Chris & Cosey encabezan la lista de peor a regular, al no convencer a ni a sus familiares presentes con su sonido industrial involucionado de los 80; mientras que Massive Attack abrió muchas expectativas que no terminaron de cumplir, promoviendo un “show renovado” que no llegó ni a reciclado de sus eventos anteriores, aunque no se puede negar que sus temas Inertia Creeps y Teardrop alteraron las coronarias de quienes se consideran con un corazón sensible.
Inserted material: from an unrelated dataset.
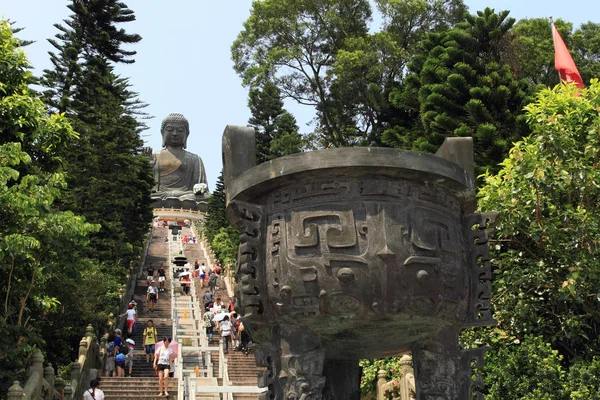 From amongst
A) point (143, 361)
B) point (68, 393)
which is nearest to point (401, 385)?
point (68, 393)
Por otra parte, Nisennenmondai no dejó de clavar las mismas propuestas que encajan bien en los festivales de música avanzada, pero la ley de lo repetido indica que algún día va a aburrir, y ese momento no se hizo esperar.

Cuando tantas estrellas de excelsa calidad se presentan en un mismo evento, es imposible dejar de peyorar a los más desfavorecidos por bueno que sean; de manera que juzgar con justicia lo que aconteció en el Sónar 2014 es darle un “si” aprobatorio, por dejar complacida a una gran mayoría, que de lo único que se puede quejar es de tener que esperar un año más para que este evento vuelva.